To his credit, the hangman’s noose is a wily knot which demands practice. Wilfred once told me it is not uncommon for a spell of failed attempts to break out every decade or so as the inmate turnover takes with it this particular institutional knowledge. Every generation has to make its own mistakes: none of us are exempt, except maybe Wilfred, who replied yes, he does know how to make a hangman’s noose; no, he’s not going to tell you.
Happily, The Holding Pen remains a respected journal despite the blemish of the McGennehey affair. In the past two months alone I’ve been called to blurb new releases from venerable trade houses and university presses alike: Boys Will Be Beuys: The Arboreal Penetration of Negative Space, “A devastating monograph”; River of Dawn, “A devastating first novel by one of the premier voices of the French-Korean experience”; and The Mathematician’s Daughter’s Diary, “A devastating inquiry into the secrets buried between fathers and daughters, and the ineffable movements of the human heart.” (I never finished that last one.)

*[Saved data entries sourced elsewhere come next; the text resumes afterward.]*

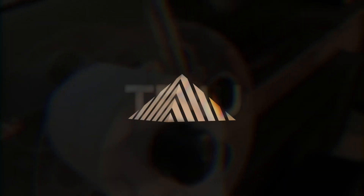TP4U, available exclusively at Pyramix Studios. We'll see you next time.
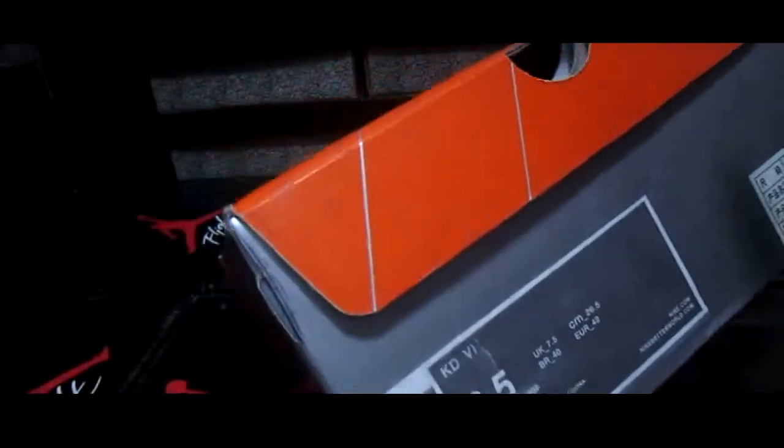You can see the label. Please look at the box.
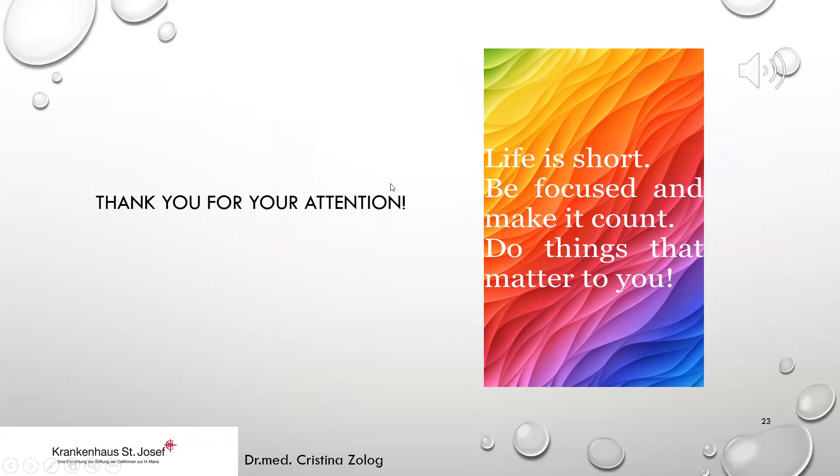This was only a short introduction to elbow arthroscopy, which is very complex and needs time to become routine.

I’d lost the thread there for a moment. My apologies; you know your mind takes the most circuitous paths inside. Someone should conduct MRIs on convicts to see if we’re wired differently. Memories—that’s where it really begins; every new fish and old-timer will tell you the same. You have your frame-worthy classics, maybe two or three dozen, the old reliables brightening your internal wattage. After a few months inside something in the archive breaks—it happens to all but the dimmest inmates—your endless inventory begins retrieving half images, unbidden, ghost traces of the nothing days of youth. An insomniac night debating whether the refrigerator from the Hell’s Kitchen apartment opened from the left or the right; you’re certain the one in the de Silvas’ kitchen opened from the left; your hand crossed your body to grip the long, shallow arc of the handle, a gesture you repeated a million times—this you knew with certainty. But the Hell’s Kitchen apartment? Maddening. And the rub was you couldn’t share this with anyone, nobody wanted to hear it, it’s worse than listening to someone recount last night’s dream.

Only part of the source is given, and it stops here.